Benchmarking and sizing your Elasticsearch cluster for logs and metrics
With Elasticsearch, it's easy to hit the ground running. When I built my first Elasticsearch cluster, it was ready for indexing and search within a matter of minutes. And while I was pleasantly surprised at how quickly I was able to deploy it, my mind was already racing towards next steps. But then I remembered I needed to slow down (we all need that reminder sometimes!) and answer a few questions before I got ahead of myself. Questions like:
- How confident am I that this will work in production?
- What is the throughput capacity of my cluster?
- How is it performing?
- Do I have enough available resources in my cluster?
- Is it the right size?
If these sound familiar, great! These are questions all of us should be thinking about as we deploy new products into our ecosystems. In this post, we'll tackle performance Elasticsearch benchmarking and sizing questions like the above. We’ll go beyond “it depends” to equip you with a set of methods and recommendations to help you size your Elasticsearch cluster and benchmark your environment. As sizing exercises are specific to each use case, we will focus on logging and metrics in this post.

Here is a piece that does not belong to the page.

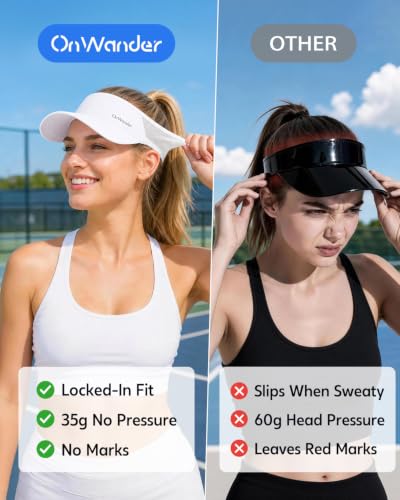 Sport Sun Visor Hat - Lightweight Quick Dry for Men & Women - Medium / White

Think like a service provider
When we define the architecture of any system, we need to have a clear vision about the use case and the features that we offer, which is why it’s important to think as a service provider — where the quality of our service is the main concern. In addition, the architecture can be influenced by the constraints that we may have, like the hardware available, the global strategy of our company and many other constraints that are important to consider in our sizing exercise.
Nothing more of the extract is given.